ACTIVITY ▸
The following data is to be repeated exactly, its pictures excluded.

INPUT DATA ▸
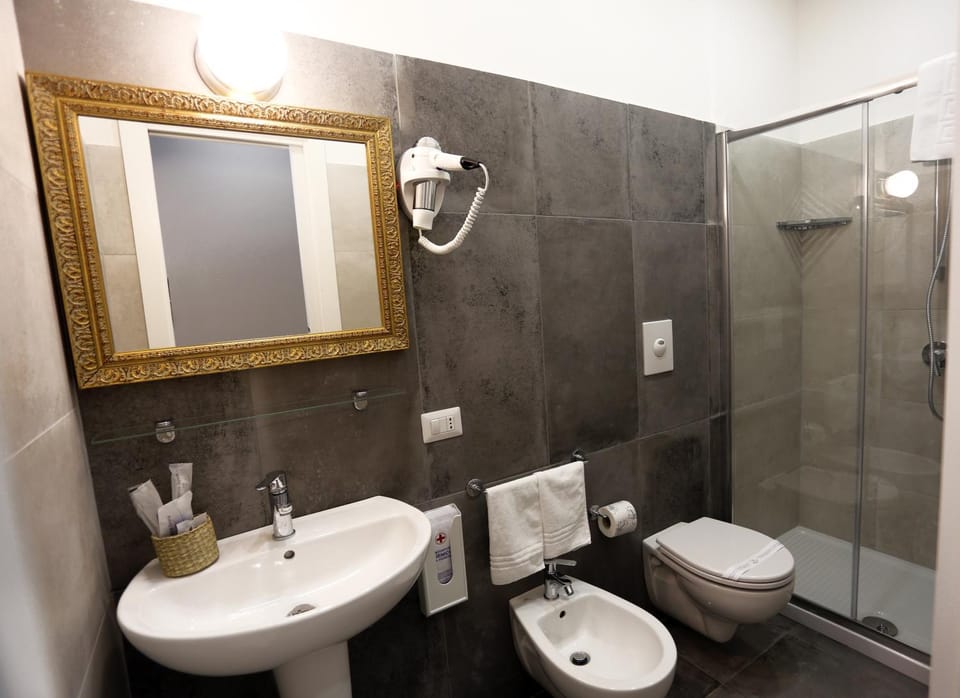 Shower, Toilet, Bathroom, bidet, towels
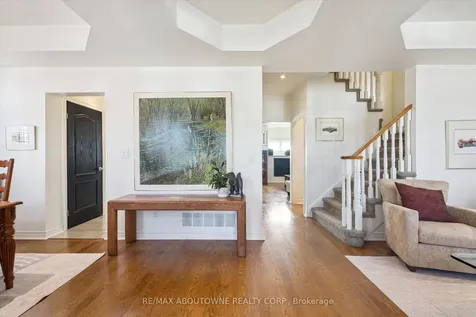 2484 Capilano Crescent Oakville ON L6H 6L4
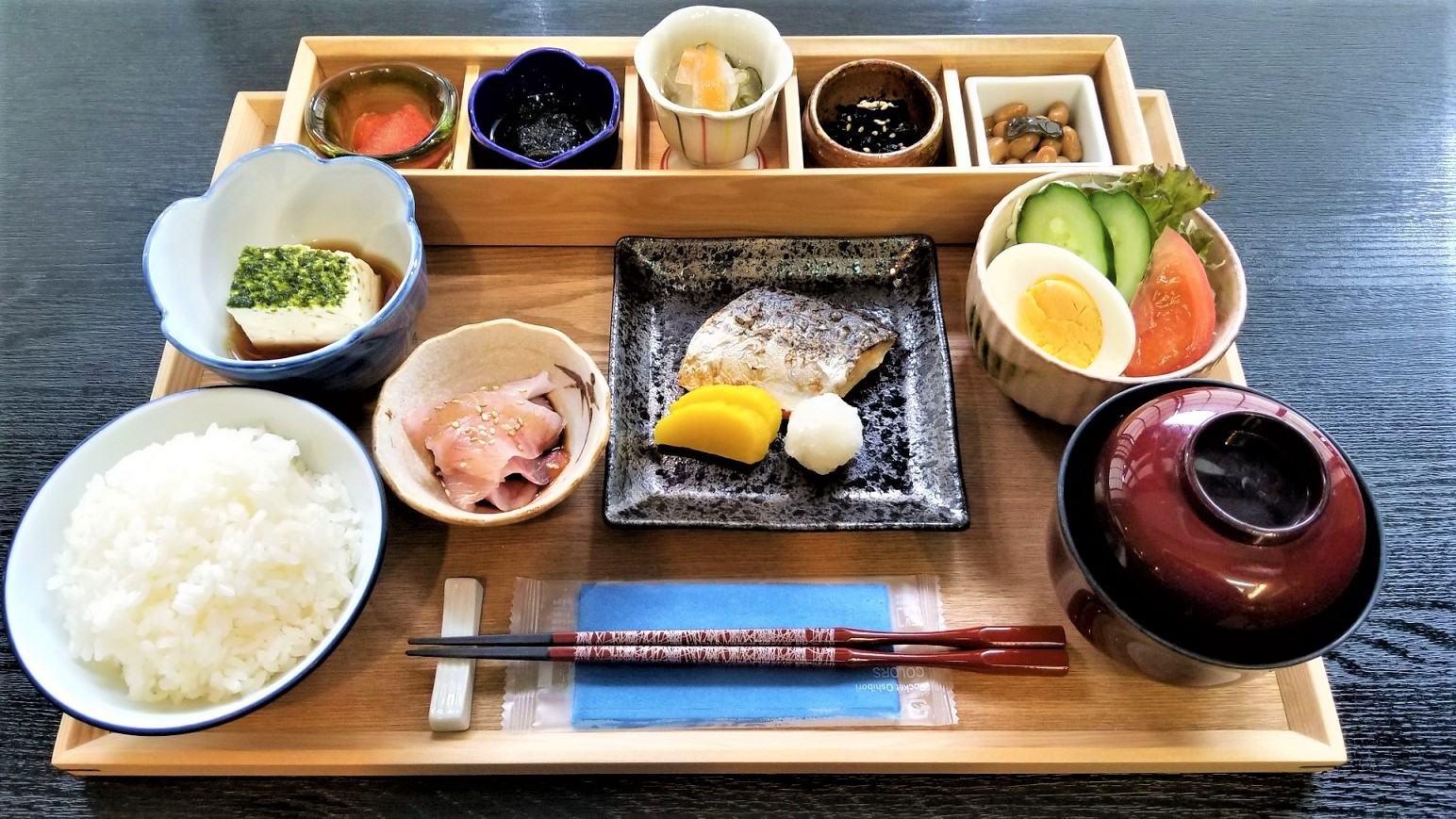 【朝食付きプラン】目の前に広がる絶景の土佐湾☆黄金色の良質な天然温泉が人気の温泉旅館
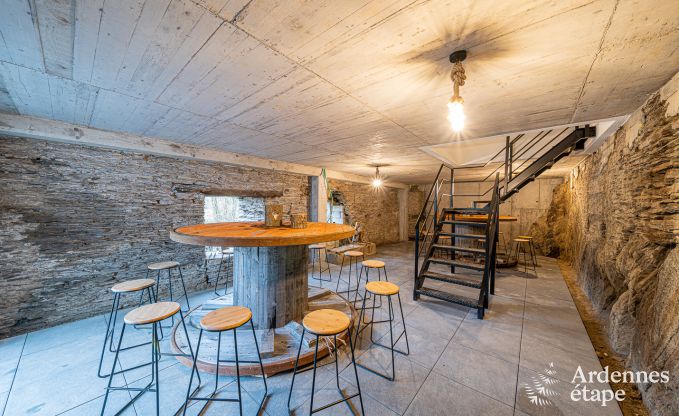 Vakantiehuis in Neufchteau voor 22/24 personen in de Ardennen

SOLUTION FOR THIS TASK ▸
 Shower, Toilet, Bathroom, bidet, towels
 2484 Capilano Crescent Oakville ON L6H 6L4
 【朝食付きプラン】目の前に広がる絶景の土佐湾☆黄金色の良質な天然温泉が人気の温泉旅館
 Vakantiehuis in Neufchteau voor 22/24 personen in de Ardennen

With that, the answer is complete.